A lei continua a proteger quem não paga e a castigar quem vive, quem paga e quem quer obras feitas. E o resultado é um país inteiro a ver prédios a cair enquanto os processos dormem.
Depois de tantos processos de condomínio — e de tantas reuniões que acabam sempre da mesma forma, com meia dúzia a discutir e os outros a olhar para o telemóvel — já perdi a conta às vezes em que pensei o mesmo: a lei protege quem não paga e castiga quem vive, quem paga e quem quer obras feitas. É triste dizer isto, mas é o que é.
Os diplomas que regulam a propriedade horizontal foram escritos num tempo que já não existe. O velho Código Civil, o Decreto-Lei n.º 268/94… tudo pensado para prédios pequenos, onde todos se conheciam e onde o administrador era aquele vizinho que fazia de tudo. Hoje, não. Hoje há prédios com vinte, trinta, cinquenta frações, condóminos que nunca apareceram numa assembleia, apartamentos sobrelotados e decisões que demoram meses, às vezes anos, a sair do papel. E enquanto isso, quem vive no último andar continua a olhar para o teto com medo da próxima chuva.
A revisão de 2022 tentou melhorar alguma coisa, mas ficou-se por aí. Não resolveu o essencial. Continuamos agarrados às atas, às assinaturas, às formalidades e a uma burocracia que parece ter sido feita para desmotivar. É quase como se o papel valesse mais do que o prédio. Já vi juízes darem mais importância à forma da ata do que à gravidade da infiltração que destrói um teto. E isto, sinceramente, custa-me aceitar.
Os processos executivos então… são um pesadelo. Arrastam-se, perdem-se em notificações, voltam atrás. O condomínio é tratado como se fosse só mais um credor, quando o que está em causa é o direito básico de viver num sítio digno. As injunções são rápidas na teoria, mas lentas na prática. E enquanto o processo anda, o prédio degrada-se, o administrador desanima e os condóminos que pagam sentem-se tolos.
Nos Julgados de Paz, quando há, ainda se vai conseguindo alguma justiça mais humana. Mas nem todos os concelhos têm Julgado de Paz. E as câmaras? Poucas querem saber. Fala-se tanto de proximidade e cidadania, mas depois deixam os moradores entregues à sorte.
O que me incomoda mais é esta inversão de papéis. O incumpridor tornou-se o protagonista. É ele quem bloqueia as obras, quem impugna as atas, quem arrasta tudo.
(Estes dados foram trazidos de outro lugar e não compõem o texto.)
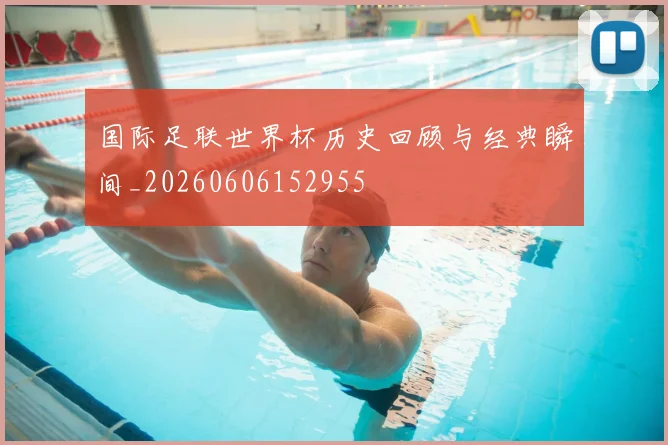国际足联世界杯历史回顾与经典瞬间_20260606152955
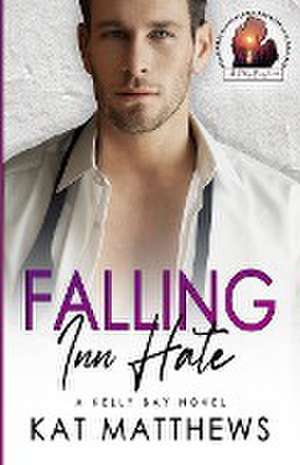 Falling Inn Hate de Kat Matthews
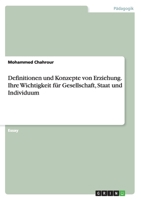 Definitionen und Konzepte von Erziehung. Ihre Wichtigkeit f�r Gesellschaft, Staat und Individuum 3668055149 Book Cover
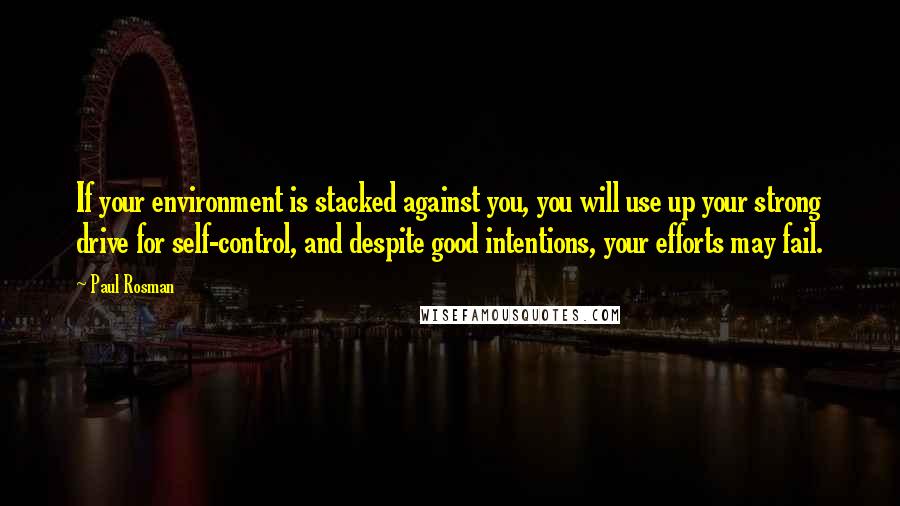 Paul Rosman Quotes: If your environment is stacked against you, you will use up your strong drive for self-control, and despite good intentions, your efforts may fail.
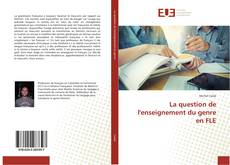 Bookcover of La question de l'enseignement du genre en FLE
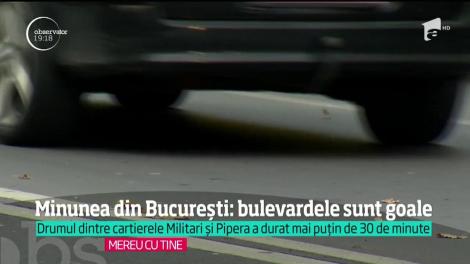 Minunea din Bucureşti: bulevardele sunt goale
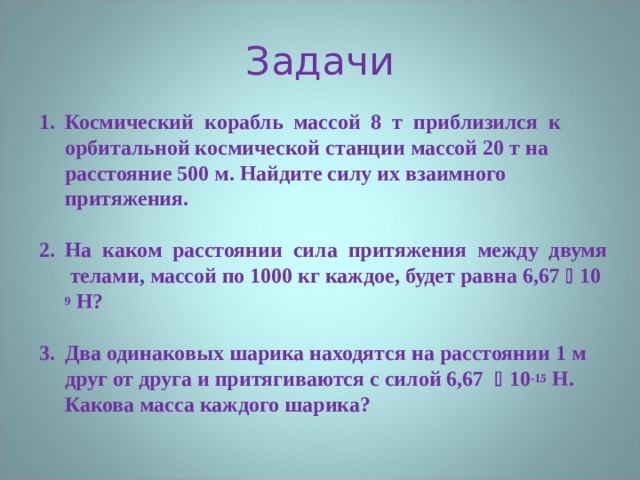 Задачи Космический корабль массой 8 т приблизился к орбитальной космической станции массой 20 т на расстояние 500 м. Найдите силу их взаимного притяжения.  На каком расстоянии сила притяжения между двумя телами, массой по 1000 кг каждое, будет равна 6,67  10 9 Н?  Два одинаковых шарика находятся на расстоянии 1 м друг от друга и притягиваются с силой 6,67  10 -15 Н. Какова масса каждого шарика?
E a lei deixa. Dá-lhe tempo, recursos e até algum conforto. Já quem paga, espera. E no fim, paga outra vez.
Não é preciso ser jurista para perceber que isto está errado. As quotas do condomínio deviam ter execução prioritária. Devia ser rápido, sem burocracia. E as obras urgentes, quando há infiltrações ou risco elétrico, deviam poder ser ordenadas em poucos dias, ponto final. Não faz sentido que um telhado a cair dependa de uma ata bem redigida.
Mas o problema é mais fundo. Falta-nos uma mudança de mentalidade. Viver em condomínio é quase um micro-Estado, uma lição diária de convivência e responsabilidade. E esse contrato social falha quando o sistema não protege quem cumpre. Quando a justiça é lenta, quando os municípios se escondem atrás de formalismos, o prédio deixa de ser um lar e passa a ser um campo de batalha.
Cada processo de condomínio é um retrato do País. Há sempre o vizinho que não paga e acha que “não faz mal”, o administrador que tenta segurar o barco, o morador que dorme com um balde ao lado da cama e uma lei que parece feita por quem nunca viveu num prédio. E o mais irónico é que todos pagam, de uma forma ou de outra.
Enquanto a lei continuar a premiar a forma em vez da substância, a acta em vez da parede e a lentidão em vez da urgência, nada muda. E o país dos condomínios vai continuando assim, entre a infiltração que não se repara e o processo que nunca mais anda. Falta-lhe o mesmo que falta a tantos prédios, manutenção.